Friday, May 27, 2011

IACUC and Animal Research

This week marks the submission of my IACUC proposal which has been a much larger endeavor than I had originally supposed. For those of you who don't know, IACUC is an Institutional Animal Care and Use Committee and every research institution has one of these committees. The main purpose of the committee is to oversee research that deals with animals and ensure the animals' well-being by reviewing the protocols and making sure that the animals will be well cared far, that the research has a practical use in today's society, that animals will not be wasted needlessly in this research and that there isn't some crazy professor doing horrendous things to animals in the name of science.

What the IACUC committee is looking for is to see for starters that the researcher is and will be providing adequate daily care and alleviation of pain and illness for the duration of the project. Even if animals will die at the end of a project there is no justification for failing to provide adequate care to them before then. The IACUC committee is also checking to see if this research is applicable to mankind. How will the research benefit us as humans and what benefits does it have for animals? They also want to know if similar research has been done before. If similar research has been done before, how will this project be different? Science has a checkered past with unnecessary duplication of projects or projects that are duplicated in larger numbers just to find statistical significance so the committee wants to make sure that duplicate projects are limited and the first projects in new areas have statistical value.

All of these criteria have a specific goal of reducing research impact on animals and which focus on the 3 R's of research today: Replacement, Refinement and Reduction. Over time as we as a society have become more concerned about the experiences and plight of animals in research, the 3 R's evolved to have a central significance to responsible animal research. Each one has a specific focus and all 3 provide a cohesive body of work with which to judge the value of a research project and its impact on animal well-being. Ultimately we use the 3 R's to justify a project and its use of animals in combination with the project's assumed ultimate benefit to both animals and humans globally. Here's my understanding of the 3 R's in my own life and my obligation during research.
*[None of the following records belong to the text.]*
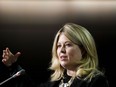 Conservative member of Parliament Michelle Rempel Garner holds a press conference on Parliament Hill in Ottawa on Tuesday, April 5, 2022. THE CANADIAN PRESS/Sean Kilpatrick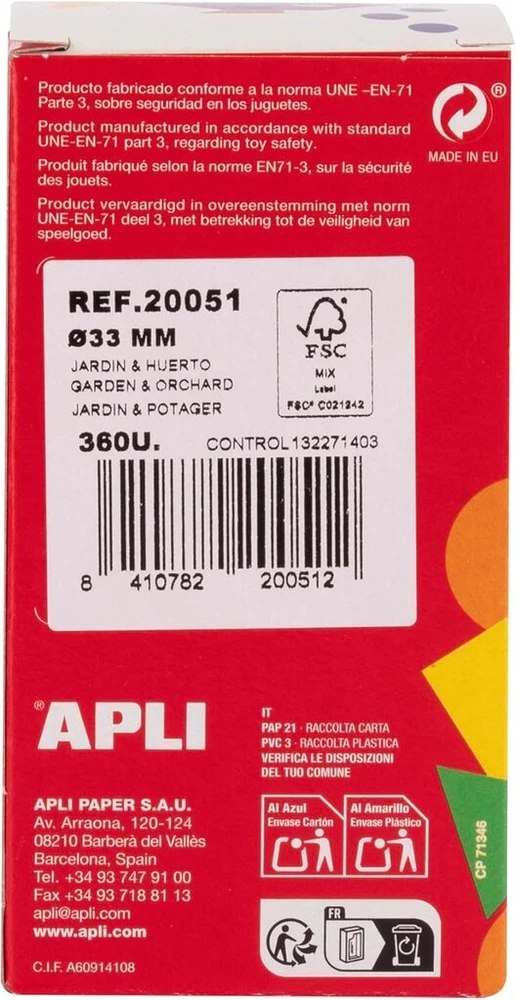 Apli Kids 20051-33mm apvalūs sodo lipdukai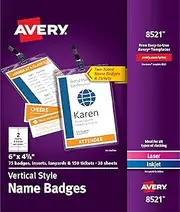 Avery Customizable Name Badges, 6" x 4.25", Printable Name Tag Inserts with Tickets, 75 Vertical Name Tag Holders with Lanyards (8521)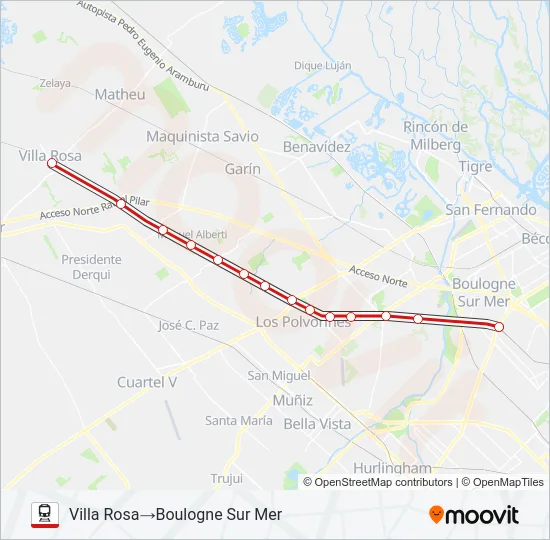 BELGRANO NORTE Train Line Map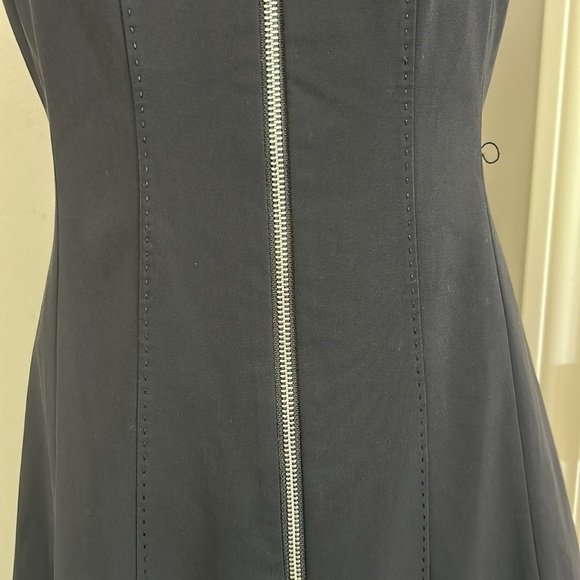 Lafayette 148 New York Carlina Dress Black Sleeveless Front Zip Sheath LBD Sz 6 - Picture 5 of 12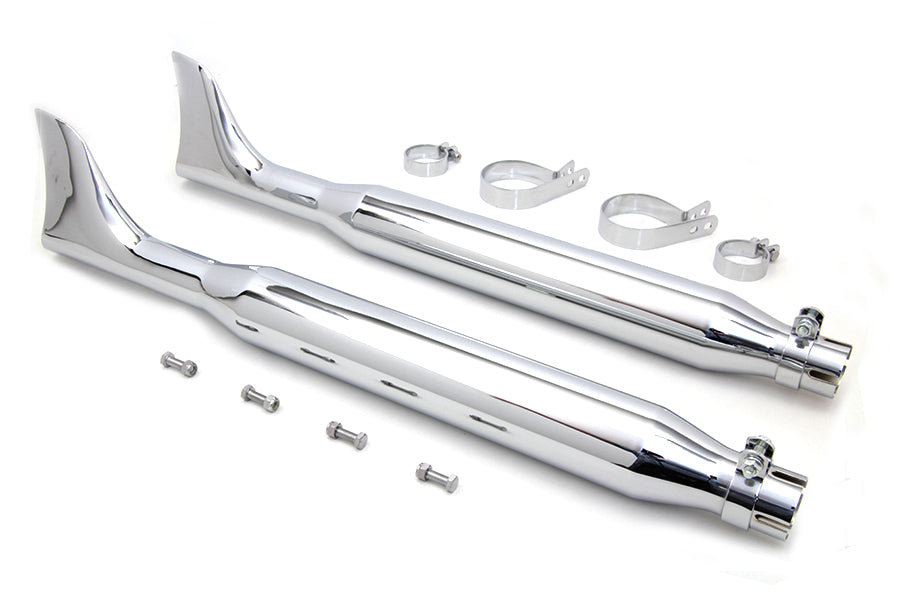 V-Twin 30-3185 Chrome Fishtail Muffler Kit, 30 Inch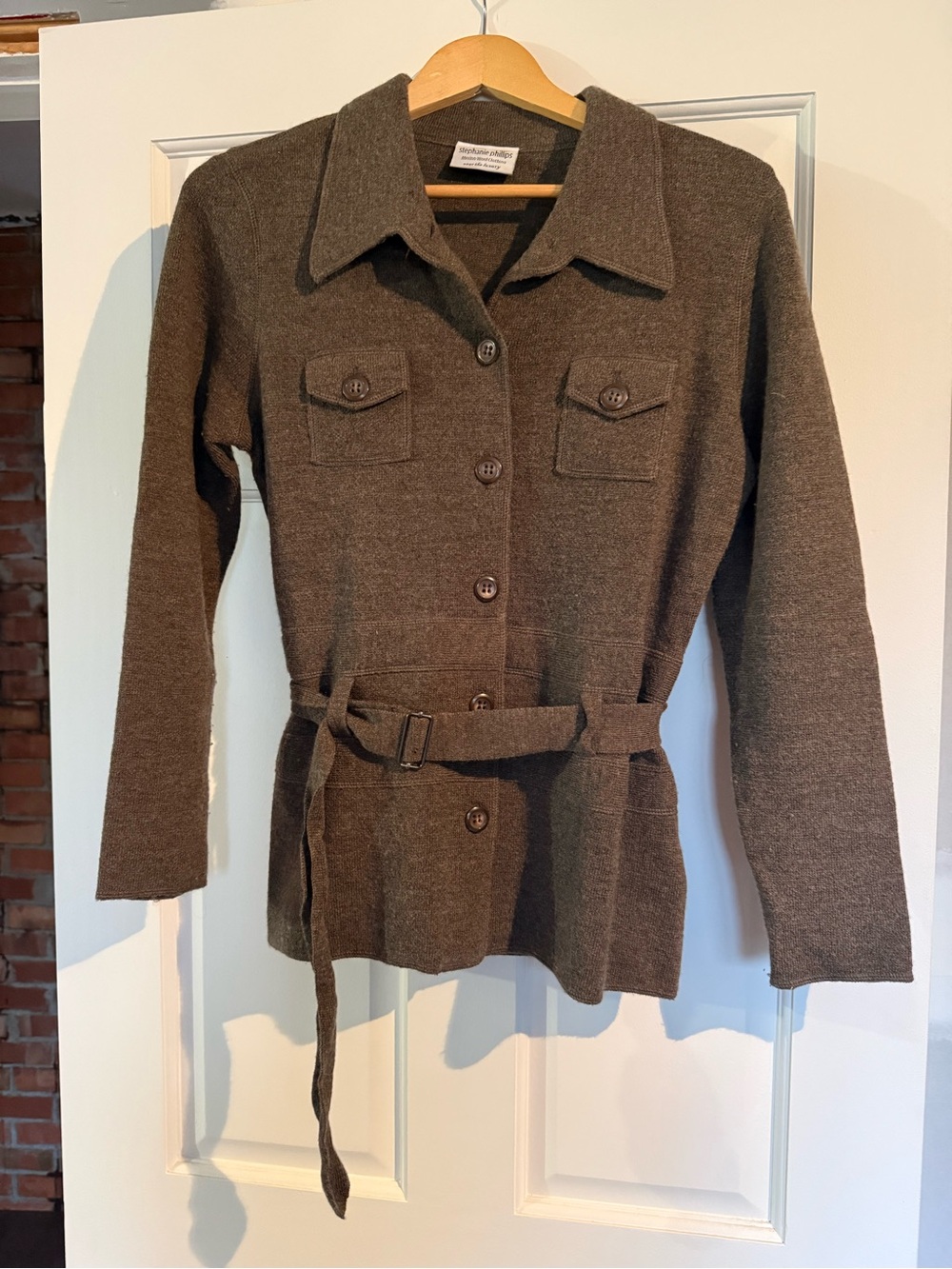 Stéphanie Phillips 100% Merino Wool Button-Front Knit Belted Jacket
Replacement references the substitution of "lesser" animals, animal models or other laboratory analysis for life animals wherever possible. Refinement refers to procedures and using the best and least invasive procedures for data collection. Reduction is more of a statistical comment. It can refer to not repeating experiments needlessly as well as designing experiments in a way to use as few animals as possible so as to eliminate needless inclusion of animals in an experiment. This also helps the researchers themselves in many cases as it helps to reduce the budget for a project. Every animal fed and cared for through a project adds a cost to the project.

Animal research has provided many great benefits to humans over time, but it has also had great benefit for the animals studied as we gain a better understanding of them and can improve the care we provide to them. Ending animal research in today's society would be unreasonable and uncaring towards human patients who suffer worldwide today and even though this is something advocated by animal rights groups, we owe it to our fellow human beings to continue animal research to search for the cures to diseases from which they suffer. While I advocate caution among research projects towards the care of animals, the truth of the matter is that animal research benefits people everywhere in concerns such as increasing human food production, curing diseases, better understanding of biology and a greater appreciation to the diversity around us and I support this with all I am. As an animal scientist I am committed to providing appropriate care to the animals in my project and I am hopeful that my project can have a positive impact on our understanding of animal behavior and how we can provide good care to food producing animals while not sacrificing our ability to feed so many people with such few resources.